%%

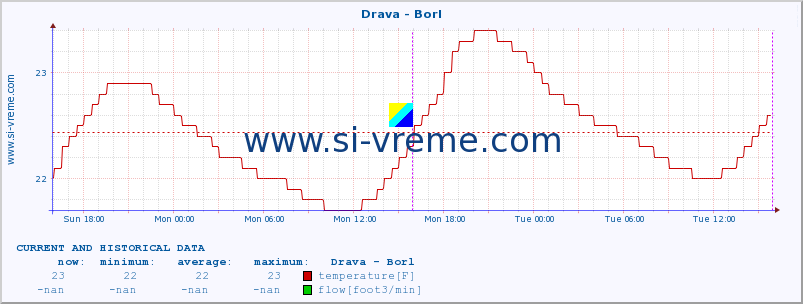  :: Drava - Borl :: temperature | flow | height :: last two days / 5 minutes.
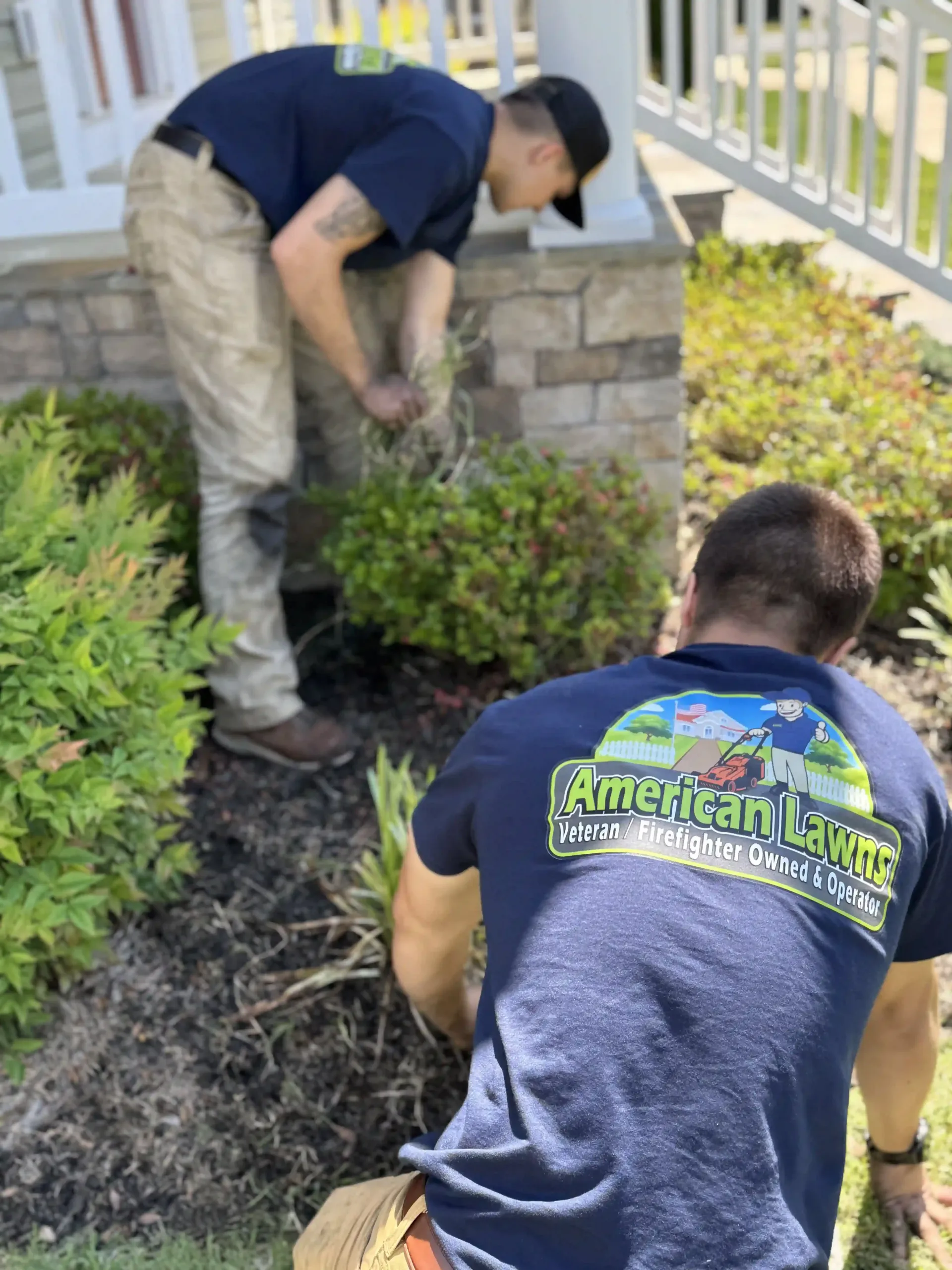 Two men are working in a garden and one of them is wearing a shirt that says american lawn care.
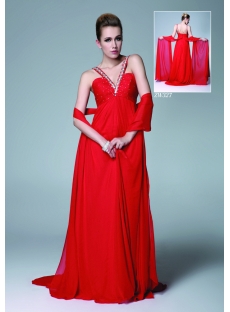 Red Sexy Chiffon Evening Dress with Backless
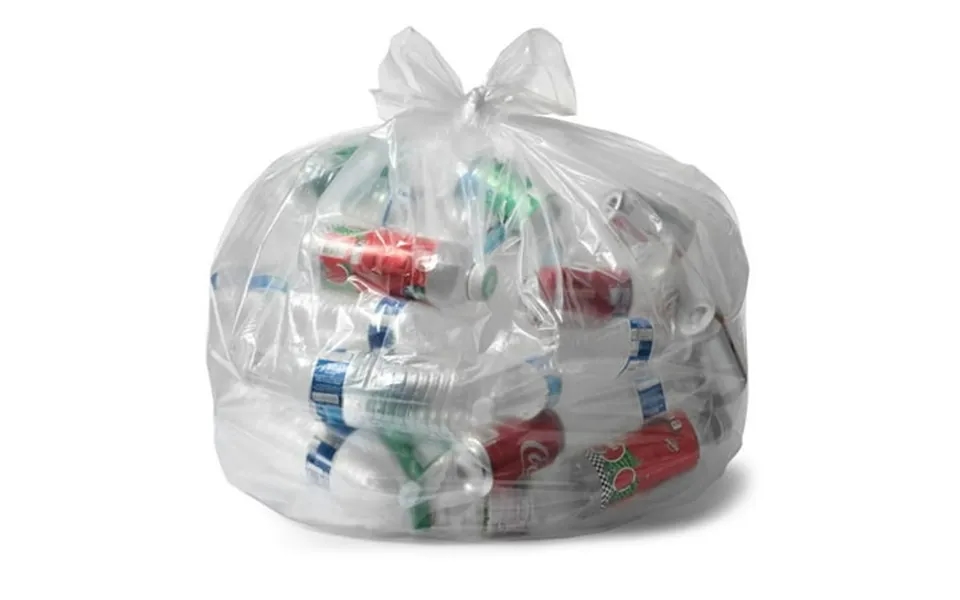 Aluf Plastics 12-16 Gallon 1 Mil Thick Clear Heavy Duty Trash Bags - 24 X 31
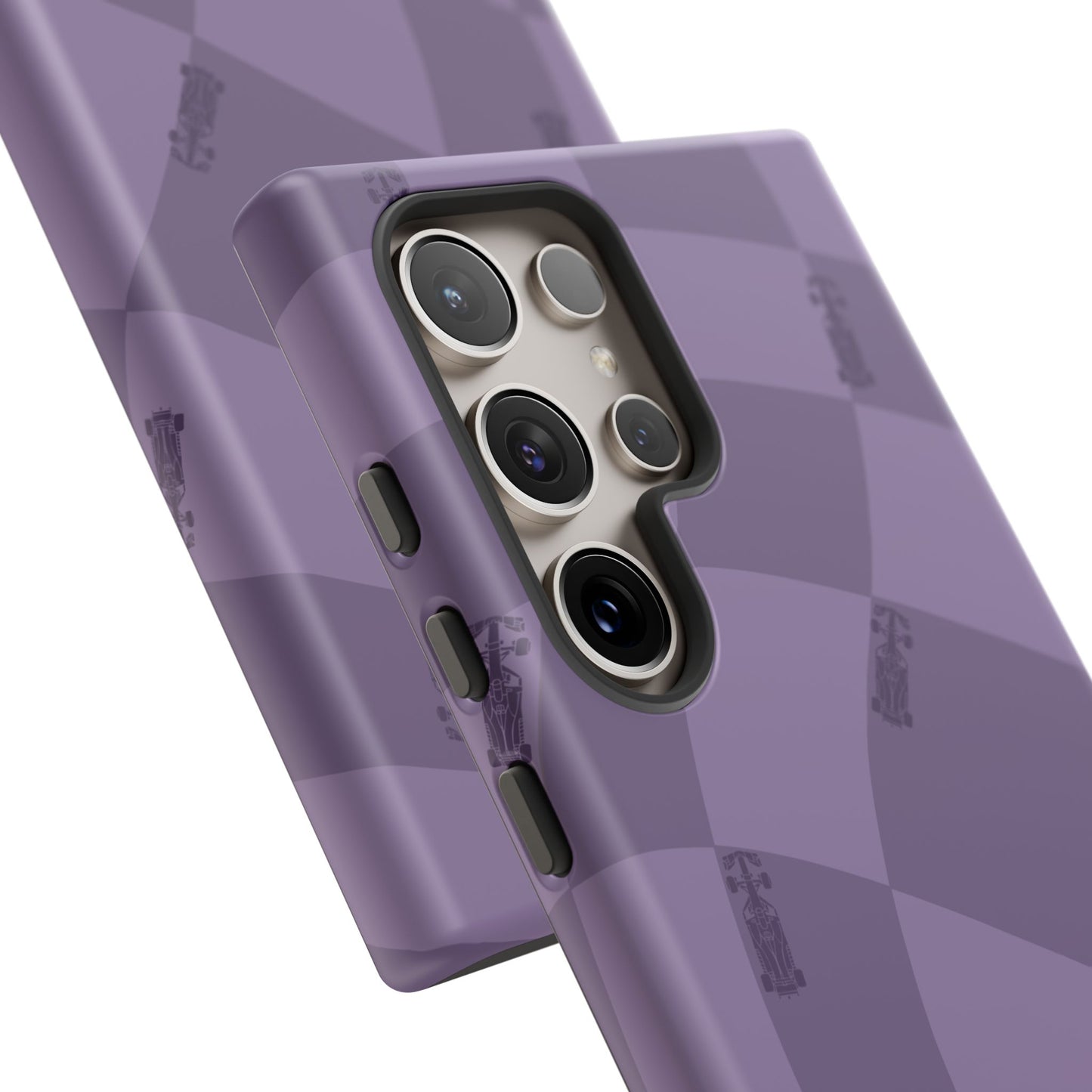 F1 Phone Case Purple Checkered Design, Trendy F1 Gift, Formula 1 Gift, Cute F1 Phone Case, Unique Formula One Phone Case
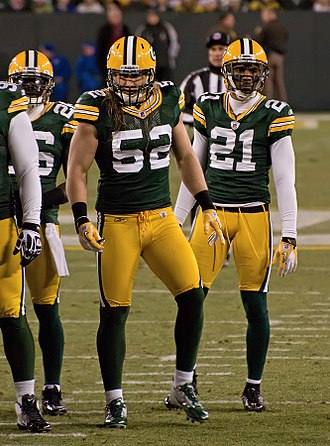 Clay Matthews (52) and Charles Woodson (21), two defensive stars for the Packers under Coach Mike McCarthy Clay Matthews (52), Charles Woodson (21).jpg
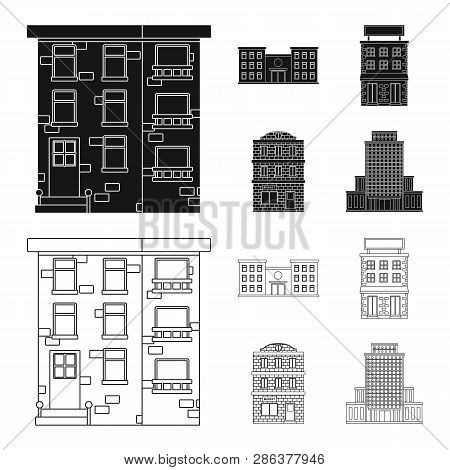 Vector Illustration Of Municipal And Center Sign. Set Of Municipal And Estate   Stock Vector Illustr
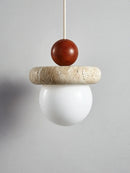 Suspension Led Style crème chambre chevet médiévale Memphis chambre d'enfant fil suspendu petite pierre claire bois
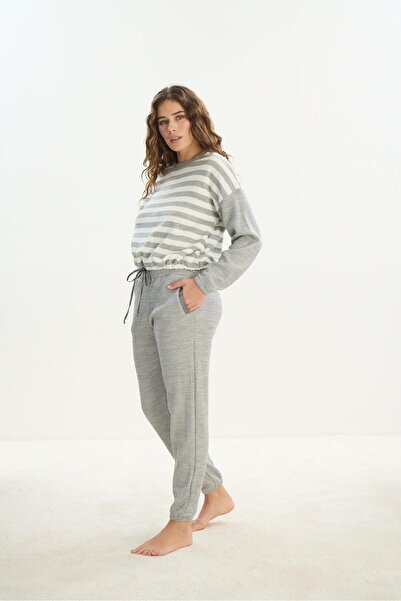 Sevim Сірий акриловий жіночий піжамний комплект - довгий рукав C0T1N1O61
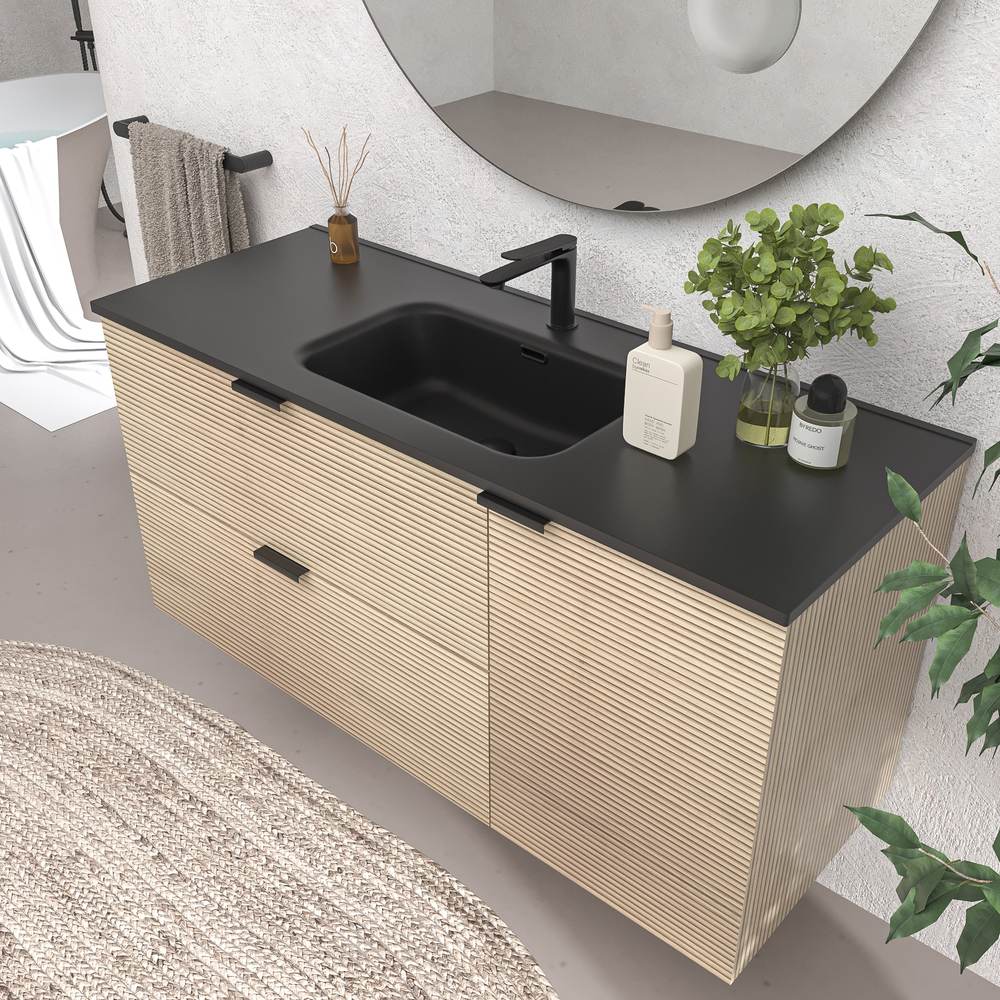 Mueble de baño suspendido 2 cajones / 1 puerta VITO ALCATRAZ con lavabo porcelana NEGRO - Imagen 4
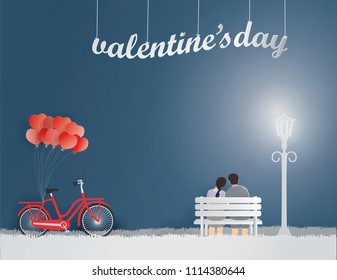 Illustration of valentine's day with Young Couple sitting apart on the bench in the park,paper craft style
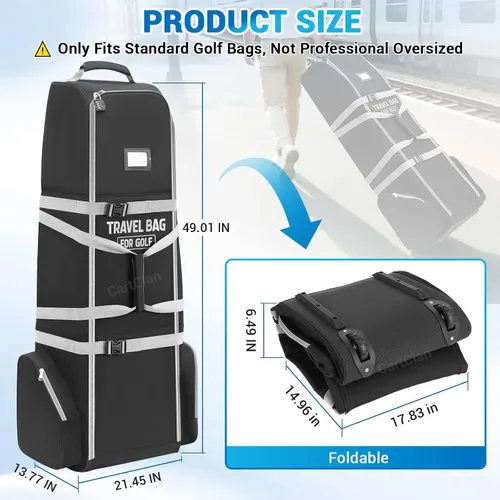 Miniatura 2 de Bolsa de viaje de golf con ruedas, tela Oxford resistente 900D, funda de viaje de golf para aerolíneas, adecuada para bolsas de golf estándar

%%

What is required:
When you reach the line that contains "Vector Illustration Of", start copying the listing word for word and stop only after its last line, without any pictures.

Task output:
 Vector Illustration Of Municipal And Center Sign. Set Of Municipal And Estate   Stock Vector Illustr
 Suspension Led Style crème chambre chevet médiévale Memphis chambre d'enfant fil suspendu petite pierre claire bois
 Sevim Сірий акриловий жіночий піжамний комплект - довгий рукав C0T1N1O61
 Mueble de baño suspendido 2 cajones / 1 puerta VITO ALCATRAZ con lavabo porcelana NEGRO - Imagen 4
 Illustration of valentine's day with Young Couple sitting apart on the bench in the park,paper craft style
 Miniatura 2 de Bolsa de viaje de golf con ruedas, tela Oxford resistente 900D, funda de viaje de golf para aerolíneas, adecuada para bolsas de golf estándar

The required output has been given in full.